例えば、地域の診療所の先生からの紹介で、当院で入院治療を行った患者さんが、今、どのような状況なのか、かかりつけ医の先生へ当院からもお知らせをしておりますが、問合せ窓口を「地域連携推進部」の地域連携推進室に統一しましたので、こちらにお問合せを頂くことで、今まで以上にスムーズに状況の確認や連携ができるようになりました。

また最近の傾向として、入院した時点で、退院のことを考えて患者さん本人とご家族を支援する動きが活発になってきています。

こういった流れから「入退院支援センター」の設置を検討しています。入院した時点で、退院時のことや転院の可能性、在宅療養でのイメージなど、患者さんの状況を、ご本人はもちろんご家族とも共有して、最適な医療サービスを提供できるようにと考えています。

次のステップへ向けて動き出した済生会横浜市南部病院

当院が開院して34年が過ぎ、建物の老朽化も目立ってきました。いよいよ次のステップヘ向けて、準備を重ねていかなければならないと思っています。

近年の医療機能は日進月歩で進化を続けています。しかし、当院の建物の設計では、なかなか大型の医療機器を導入することが難しい場合もあります。これからの医療を考えると、どうしても建て替えを視野に入れていかなければなりません。

また、施設や医療機器が新しくなった時に、職員がその設備や機器を使いこなせる技術や体制が整っていないといけませんので体制作りと人材育成にも力を入れていきたいと考えています。
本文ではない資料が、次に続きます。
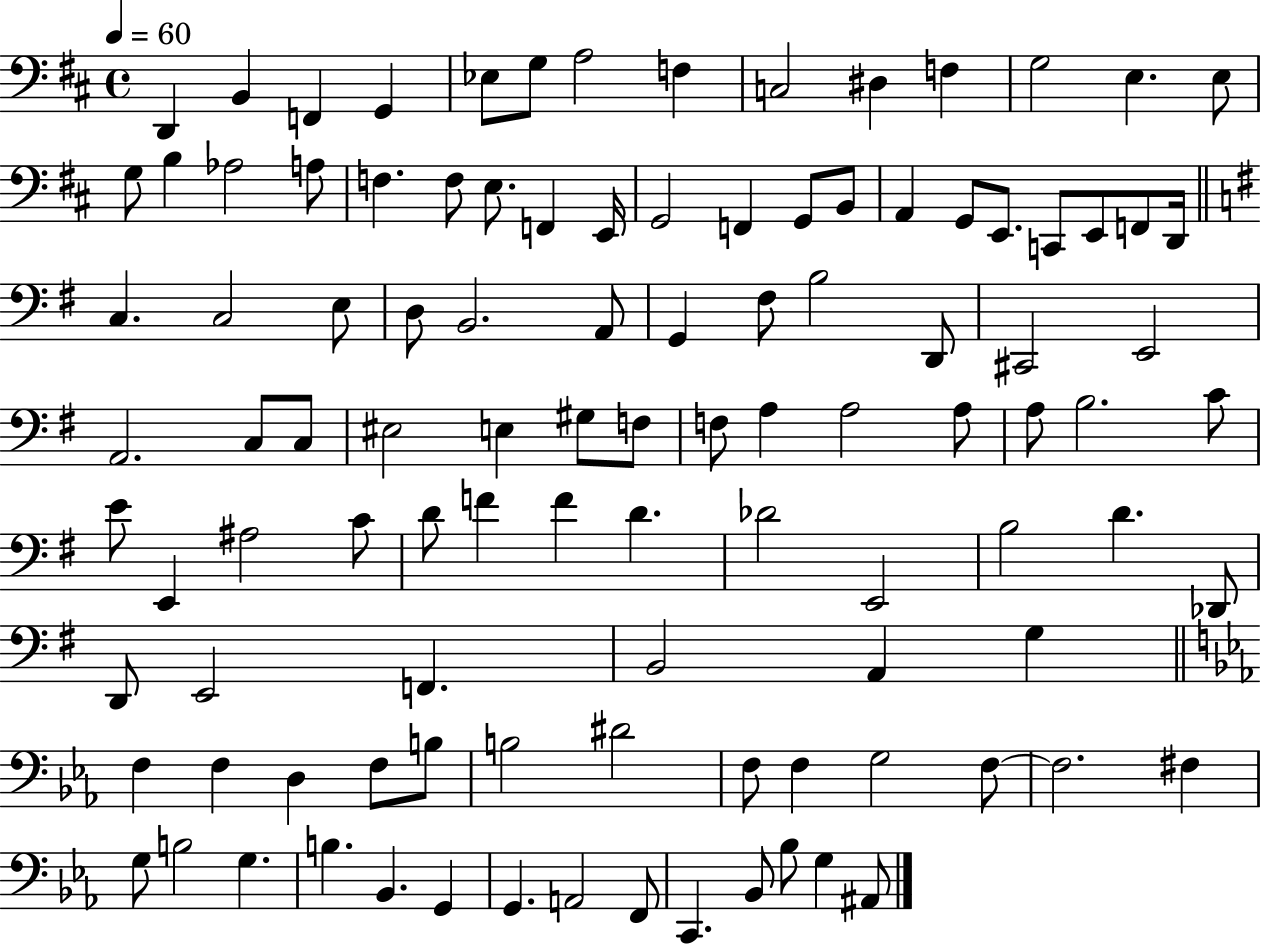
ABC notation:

X:1
T:Untitled
M:4/4
L:1/4
K:D
D,, B,, F,, G,, _E,/2 G,/2 A,2 F, C,2 ^D, F, G,2 E, E,/2 G,/2 B, _A,2 A,/2 F, F,/2 E,/2 F,, E,,/4 G,,2 F,, G,,/2 B,,/2 A,, G,,/2 E,,/2 C,,/2 E,,/2 F,,/2 D,,/4 C, C,2 E,/2 D,/2 B,,2 A,,/2 G,, ^F,/2 B,2 D,,/2 ^C,,2 E,,2 A,,2 C,/2 C,/2 ^E,2 E, ^G,/2 F,/2 F,/2 A, A,2 A,/2 A,/2 B,2 C/2 E/2 E,, ^A,2 C/2 D/2 F F D _D2 E,,2 B,2 D _D,,/2 D,,/2 E,,2 F,, B,,2 A,, G, F, F, D, F,/2 B,/2 B,2 ^D2 F,/2 F, G,2 F,/2 F,2 ^F, G,/2 B,2 G, B, _B,, G,, G,, A,,2 F,,/2 C,, _B,,/2 _B,/2 G, ^A,,/2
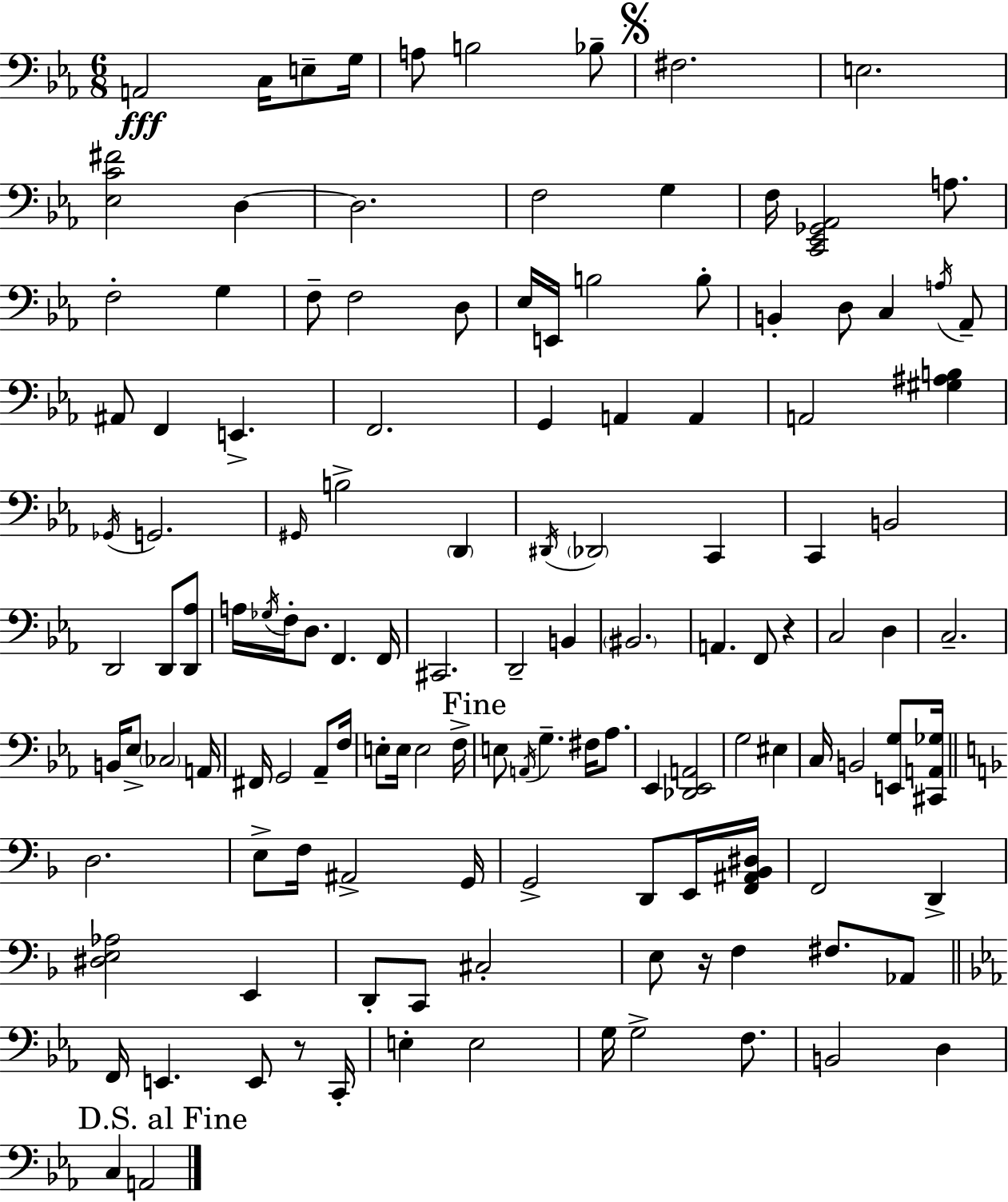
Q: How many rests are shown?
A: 3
この5年で職員は250名増え、組織も大きくなってきました。あらためて、人材教育の重要性を再認識し、新病院へ向けて準備を重ねていきたいと考えています。

具体的には、「チーム医療総合センター」を立ち上げており、職員一人ひとりが医療人としてキャリアアップできる仕組みを活用します。チーム医療は、横のつながりで活動していくという概念ですが、やはり、一人ひとりがしっかりしないと、お互いに支えあえないと思います。しっかりと立っているもの同士が有機的に結び付けば、「1+1」が3にでも4にでもなると思います。

職員のスキルやレベルも向上して来ていますので、地域医療支援病院として、地域へ貢献していけるように、また、高齢化と少子化にしっかり対応できる医療機関であり続けるために、より一層の努力を重ねてまいります。